Batukezanga (Zamenga)

Romancier, éducateur et philanthrope congolais (ex-zaïrois) de langue française (1933 – 2000).

Né à l'ouest du pays dans une famille protestante, il devient catholique, reçoit une formation aux services sociaux et commence une carrière d'éducateur. Instituteur, directeur des services sociaux de l'université de Kinshasa, défendant les droits des handicapés, fondateur d'une institution pour leur venir en aide, c'est aussi par la plume que Zamenga a entrepris de militer. Son premier récit, les Hauts et les Bas, roman psychologique, publié en 1971, marque le début de sa collaboration avec les Éditions Saint Paul. Il crée ensuite sa propre maison, Zabat, dans laquelle il publie Souvenirs du village (1972), Mille Kilomètres à pieds (1979) ou Un crocodile à Luozi (1979). Ses 23 livres connaissent chacun des tirages de plusieurs dizaines de milliers d'exemplaires, tout en demeurant inconnus à l'extérieur du pays. La force de son écriture vient de sa connaissance précise des réalités sociales et ethnographiques du Congo. Batukezanga aborde les questions de la sorcellerie, des relations entre les sexes, et surtout la place des sectes et des religions dans un pays en pleine crise spirituelle et économique (les Îles de Soyo, 1979). La générosité de son discours, la qualité de ses textes, inscrits précisément dans le milieu culturel congolais, font de lui le représentant typique d'une forme d'engagement de l'écrivain africain, trop souvent oubliée à l'extérieur du continent.

Batur (Enis)

Poète et essayiste turc (Eskisehir 1952).

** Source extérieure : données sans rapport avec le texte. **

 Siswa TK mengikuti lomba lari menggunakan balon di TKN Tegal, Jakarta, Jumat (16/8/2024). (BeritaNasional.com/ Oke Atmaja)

Il fait ses études à Ankara et à Paris et est considéré comme l'un des chefs de file de l'avant-garde littéraire depuis 1980. Situé au carrefour de l'influence orientale et occidentale, il se présente comme le plus brillant représentant d'une esthétique de la dissémination tout en se révélant puriste dans le domaine de la langue (Métamor– phoses I-X, 1992 ; Battements d'ailes, 2000 ; Amer Savoir, 2000 ; la Pomme, 2001).

Bauchau (Henry)

Écrivain belge de langue française (Malines 1913).

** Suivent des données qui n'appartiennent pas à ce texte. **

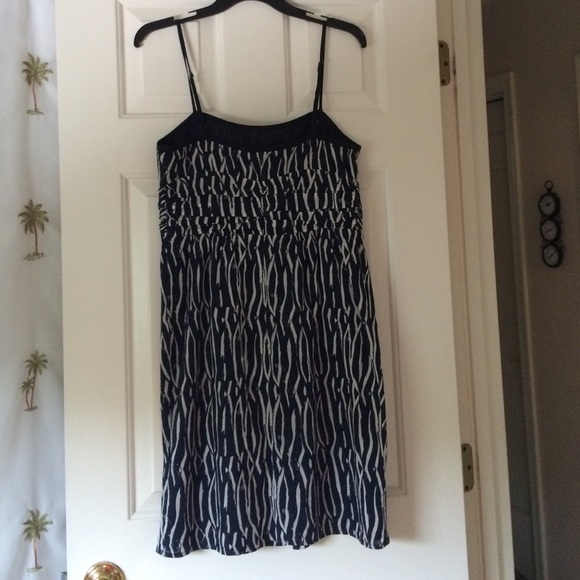 Sundress - Picture 3 of 4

La guerre marque l'enfance de ce garçon introverti. Étudiant idéaliste, Bauchau milite dans le catholicisme social des années 1930-1940. Après 1945, il choisit l'exil et entreprend à Paris une expérience décisive : une longue psychanalyse avec celle qu'il transposera comme « la Sibylle ». Grâce à elle, il devient « écrivain par espérance » et compose ses premiers vers. Peu d'œuvres ont été élaborées à ce point en parallèle à la reconstruction d'un moi. Ici constamment s'imbriquent exploration de l'inconscient et recherche d'une expression littéraire. Le premier recueil poétique, Géologie, paraît en 1958 ; il a été précédé, en 1954, d'un drame puissant, Gengis Khan, monté par la toute jeune A. Mnouchkine. 1951 est une année de rupture : devant interrompre son analyse, Bauchau part fonder un collège international à Gstaad. Il enseigne, poursuivant à côté une œuvre de poète à l'expression de plus en plus maîtrisée, dont l'inspiration s'ouvre aux terres et aux récits légendaires, même si l'Escalier bleu (1964) renoue avec l'introspection. Mais ce sont deux romans qui vont attirer l'attention : en 1966, la Déchirure, poignant récit rhapsodique de l'agonie d'une mère, en contrepoint de souvenirs d'enfance, puis, en 1972, le Régiment noir où s'entrecroisent western historique et reconstruction mythique d'une figure de père. En 1975, Bauchau, qui a dû fermer son institut, retourne à Paris, où il va travailler dix ans comme psychothérapeute de jeunes, tout en continuant à publier. La rencontre avec l'éditeur H. Nyssen est un tournant : désormais ses œuvres seront publiées par Actes Sud, qui reprend l'ensemble de sa Poésie (1987). La montée soudaine de la notoriété accompagne alors de somptueux récits inspirés librement des mythes grecs, par lesquels l'écrivain, désormais célébré dans son pays natal (réception à l'Académie royale de littérature), trouve enfin la consécration internationale : Œdipe sur la route (1990), Diotime et les lions (1991), Antigone (1997), enfin, rencontrent un vrai succès critique et public. Bauchau, traduit dans le monde entier, a trouvé sa formule avec la sérénité du grand âge.